受賞業績:建設災害インフラ分野におけるスマートメカノシステムの研究
理工学術院総合研究所 亀﨑 允啓 研究院准教授

受賞コメント
この度は、文部科学大臣表彰・若手科学者賞を賜り、大変光栄に存じます。これまでお世話になりました本学の先生方、官民の研究者の方々、研究室のスタッフ・メンバーに厚く感謝申し上げます。本研究は、国民生活を支える建設・災害対応・インフラ維持分野に知能ロボット技術を導入するため、構成論・計算論・システム論的アプローチを駆使して、人・環境・機械身体・機械知能の各構成要素研究、およびそれらの融合に基づくスマートメカノシステムの体系的設計論を創出したものであります。本研究の成果は、作業の省人化・効率化による当該分野の人手不足解消、作業の高度化自体による事故災害の未然防止、災害復旧・復興の早期化だけでなく、自動化による省エネ化にも大きく貢献するものと期待しております。よりよい生活・社会を築けるように今後一層精進してまいります。引き続き指導・ご支援のほどよろしくお願い申し上げます。

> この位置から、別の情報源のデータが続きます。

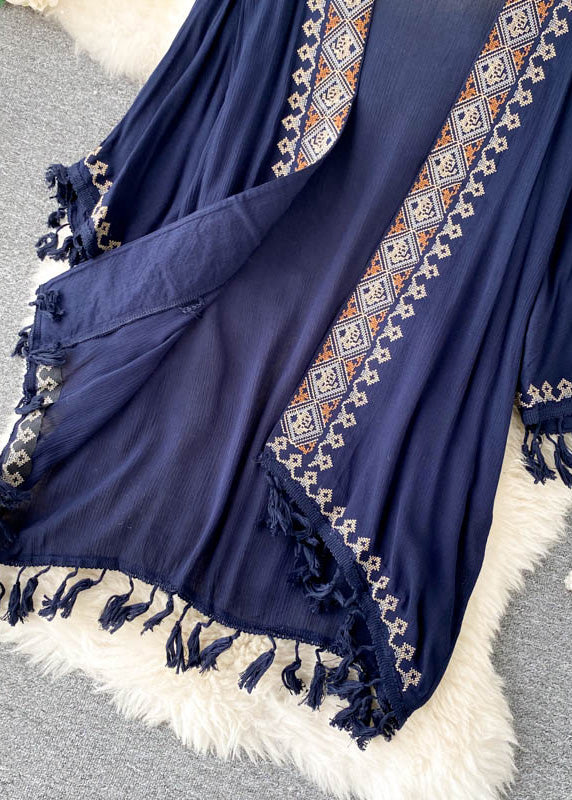 Bohemian Blue V Neck Embroideried Cardigan Long Sleeve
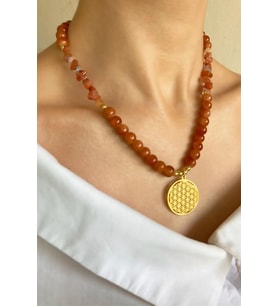 Yaşam Çiçeği Uçlu Kristal Cam Boncuk Doğal Taş Kolye - Turuncu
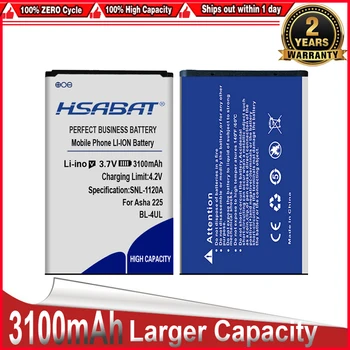 HSABAT 3100mAh BL-4UL / BL4UL / BL 4UL Augstas kvalitātes akumulatoru Nokia Asha 225 Asha225 Akumulators + Izsekošanas numuru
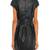 Genuine lambskin women's leather dress cap sleeve bodycon dress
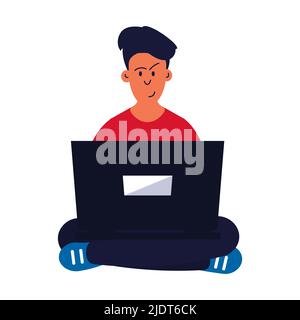 Man sitting with laptop vector illustration. Young person with business computer and work on internet. Character  office job and professional working Stock Vector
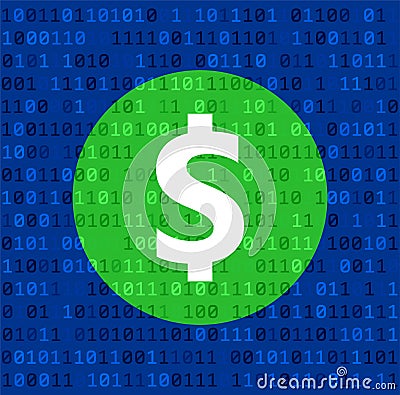 Big green dollar sign on blue binary code background Vector Illustration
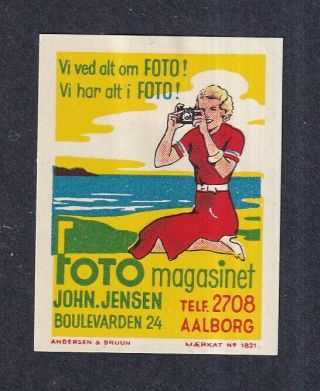 Denmark Scarce Poster Stamp Photography Aalborg Photo Camera Shop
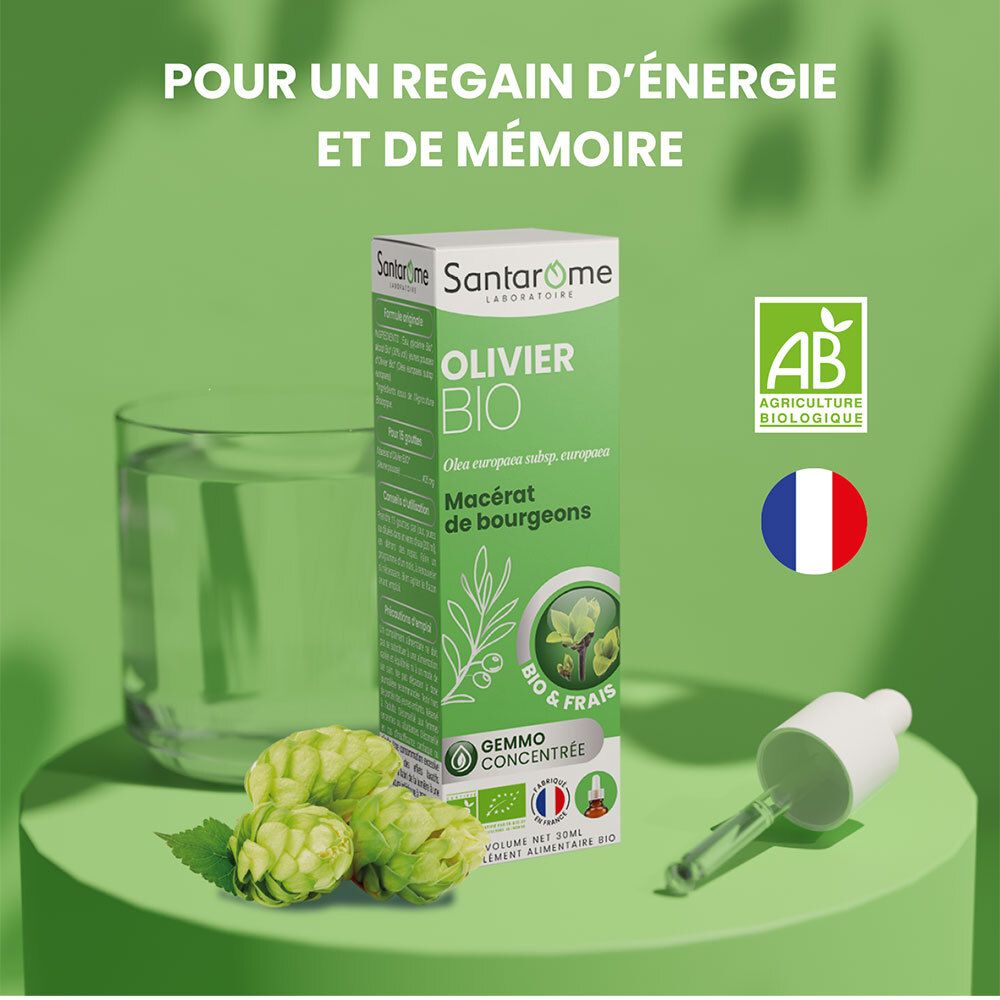 Emballage vert avec flacon et pipette. Texte : Olivier Bio, Macérat de bourgeons. Certification française. Verre d'eau et bourgeons.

受賞業績:生命科学のデータ解析に関わる離散数学の諸問題の研究
理工学術院 早水 桃子 准教授

受賞コメント
令和4年度の文部科学大臣表彰若手科学者賞を頂き、大変光栄に存じます。私の研究活動を支えてくださった全ての方に御礼申し上げます。今年は新型コロナウイルス感染症の影響で受賞者が一堂に会する表彰式が開催されず、僭越ながら私が98人の若手受賞者の代表として表彰式に出席し、末松文部科学大臣から表彰状を頂く大役を仰せつかりました。私は生物の進化や細胞の分化といった生命現象の記述やデータ解析に関する離散数学の研究をしており、進化の系統ネットワークに関するグラフ理論・アルゴリズムの研究から、一細胞の遺伝子発現データ解析ソフトウェアTreefitの開発に至るまで、幅広い研究テーマを進めておりますが、こういった領域横断的な研究はどうしても理解が得られるまでに時間がかかる性質がありますので、今回このような形で研究を高く評価していただけたことは大変励みになりました。これからも日本の若手科学者の一人として自身の研究に邁進し、生命科学と離散数学が交わる研究領域を自由な発想で開拓して参ります。